As Del Smith, former U.S. Navy dive bomber pilot, sat watching the new "Midway" motion picture in the darkened theater, but he was back in his SB2C Helldiver in the South Pacific.  It was 1944, and he was yet again a young, determined man at the point of his nation's spear, locked and loaded to smite the enemies of America.  On either side, my brother Chris and I monitored our friend, Del, as his hands and arms tensed and his chest heaved - the only person in the theater who knew the fear, excitement and satisfaction of a combat pilot flying through flak, enemy fighters and surviving to fight another day.  Chris and I had seen "Midway" the previous week and floated the idea to Del, uncertain of his reaction.  After all, Delbert Smith was the REAL DEAL, a for real dive bomber pilot flying from the carrier Hornet in the Pacific in World War II.  In addition to bombing runs at Saipan, Guam and Iwo Jima, Del had destroyed cargo ships in Manila Bay and later sank a Japanese destroyer off Davao in the southern Philippines.  He once had to ditch his plane in the Philippine Sea after running out of gas on the return of a long-range strike on the retreating Japanese carrier fleet.  No matter.  He and his crew were picked up by a destroyer's whaleboat and high-lined back aboard Hornet the next morning and back flying that afternoon.  We were beginning to think the excitement might be too much for Del, but his decades of vigorous golfing and miles per week on his treadmill had kept his ticker in great shape.  As the lights were coming up at the end of the show, and we began our slow shuffle out to the corridor, I asked Del what he thought of the movie.  He responded strongly, "It was realistic. In fact, it was too realistic."

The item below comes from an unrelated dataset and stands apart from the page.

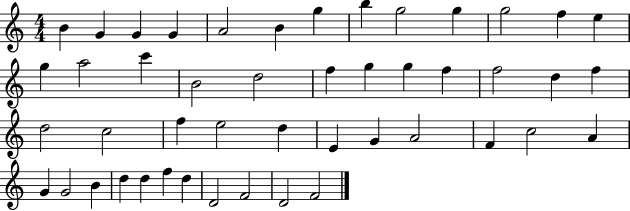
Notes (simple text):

B4/q G4/q G4/q G4/q A4/h B4/q G5/q B5/q G5/h G5/q G5/h F5/q E5/q G5/q A5/h C6/q B4/h D5/h F5/q G5/q G5/q F5/q F5/h D5/q F5/q D5/h C5/h F5/q E5/h D5/q E4/q G4/q A4/h F4/q C5/h A4/q G4/q G4/h B4/q D5/q D5/q F5/q D5/q D4/h F4/h D4/h F4/h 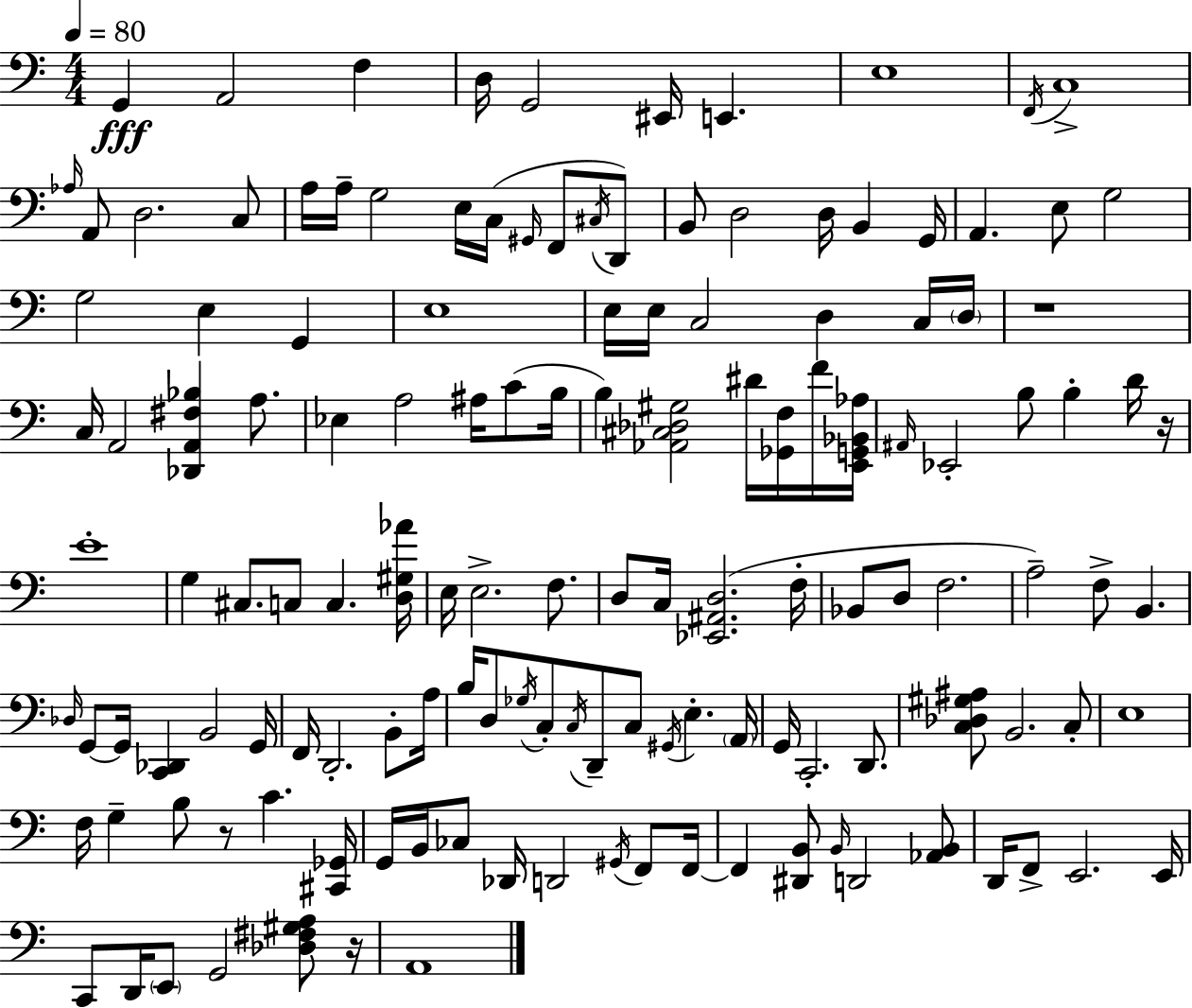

Del was one of "The Greatest Generation" author Tom Brokaw wrote about in his book a few years back.  Millions of ordinary Americans put their personal lives on standby as they donned the uniforms of all the Armed Services or marched into the factories which produced all the tanks, planes, ships, and bullets to defeat Germany, Japan, and Italy in World War II.  I spent many hours listening to Del these past few years.  Learned a lot about his family, growing up in and near Kenosha, WI.  Taking to the air at a small local airport under the tutelage of a woman pilot acquaintance of Amelia Earhart in a scratch- built Navy training program.  Learning to land on the wooden flight deck of a converted coal-fired, side paddle-wheel passenger ferry on Lake Michigan.  Learning to dive bomb with unerring accuracy.  Preparing for the final push into Japan awaiting the carrier Wasp while flying the powerful F4U Corsair on the Big Island of Hawaii and then getting the news about an atomic bomb that ended the war.  Sticking with the Navy through the great demobilization and marrying Agnes and the start of a great family.  The tragedy of her death by a hit-and-run driver while training up for the Korean War.  Leaving the Navy and making a new life and later a new wife and new babies.  Fulfilling the wartime pledges to God and comrades that if he were blessed with surviving war, he would make a good life in the new America.  Del lived a good and full life.  Filled with the joys of family love, community respect and the admiration of people who knew him.  Despite his Distinguished Flying Cross, he declined to tell his story on film.  No flamboyance.  "I was just doing my job," he said.  Let us be thankful that Del did his job, kept his faith in America just as so many others have and will.  God bless and keep you in eternal life my friend.